La película de Campillo (coguionista de ENTRE LOS MUROS, ganadora aquí de la Palma de Oro, filme con el que tiene algunos puntos en contacto, especialmente en los continuos debates) no es del todo redonda ya que sus casi 150 minutos generan bastantes reiteraciones y algunas escenas no están tan logradas como otras. Pero más allá de pequeños momentos fallidos o repetidos, la vitalidad, vibración y emoción que la película produce durante casi todo su desarrollo son innegables. 120 BPM es un filme vivo y urgente, que habla en buena medida de la muerte (en función de la situación de los HIV positivos hace 25 años) pero lo hace también con humor y sin excesivo sentimentalismo ni un abuso de los lugares comunes a los que a veces han recaído algunos filmes norteamericanos sobre este tema. Y es, también, un filme político, sobre las formas de hacer política y de salir a la calle a visibilizar temáticas que, por distintos motivos, no reciben la atención oficial o mediática que merecen.

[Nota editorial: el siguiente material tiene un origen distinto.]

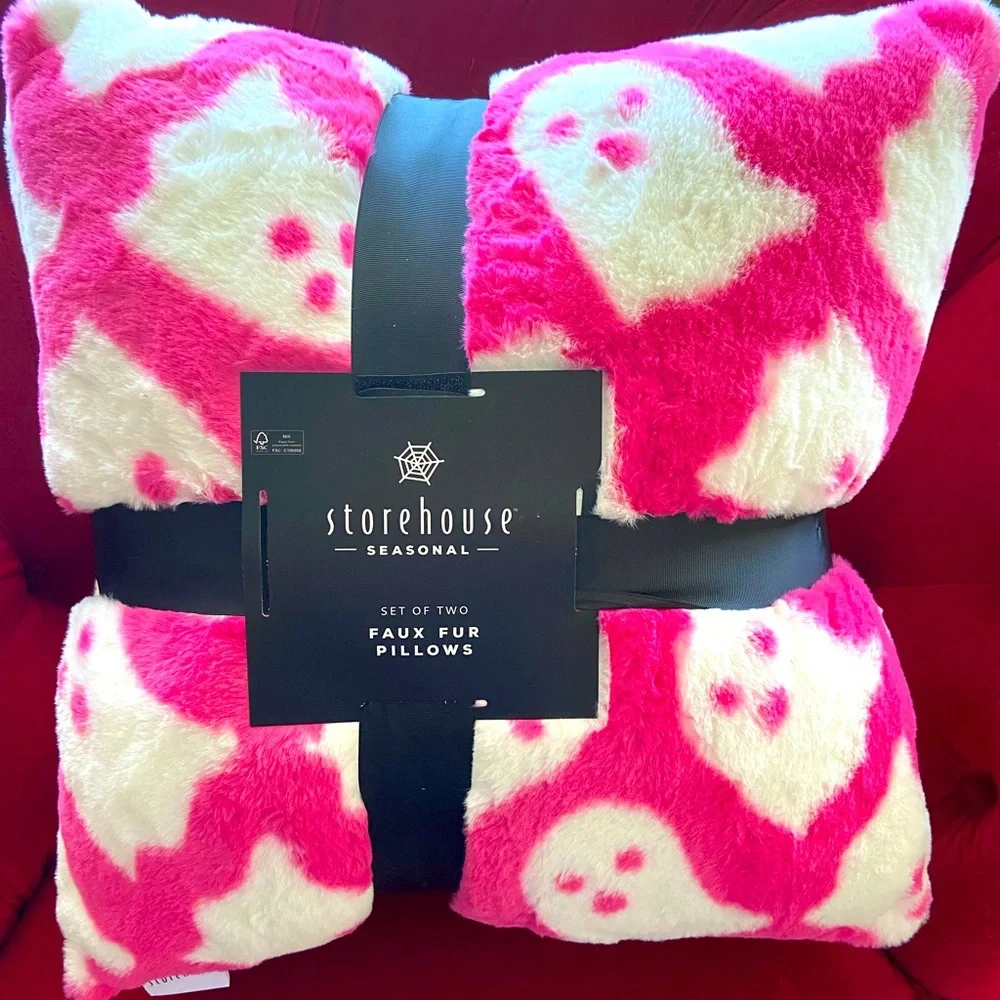 TIKTOK VIRAL Storehouse Seasonal PINK Ghost Pillow Set of 2 NWT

Asistí ayer a la proyección de esta película y en lo personal creo que es el mejor film de ficción que retrata el tema del SIDA. Dura, conmovedora, política, claramente superior a Philadelphia. Es indudable que el cine europeo está muy por encima del norteamericano cuando se trata de exponer este tipo de temas y problemáticas sociales. Hay una mirada intelectual y crítica que es difícil encontrar aún en el llamado cine independiente. Volviendo al film, hay que mencionar un trabajo monumental de Biscayart que lo sitúan a sus 30 años como el mejor actor argentino actual. Pero como se dice y generalmente resulta ser así, «nadie es profeta en su tierra». Su capacidad actoral es inversamente proporcional al desconocimiento que el público de su país tiene sobre sus trabajos.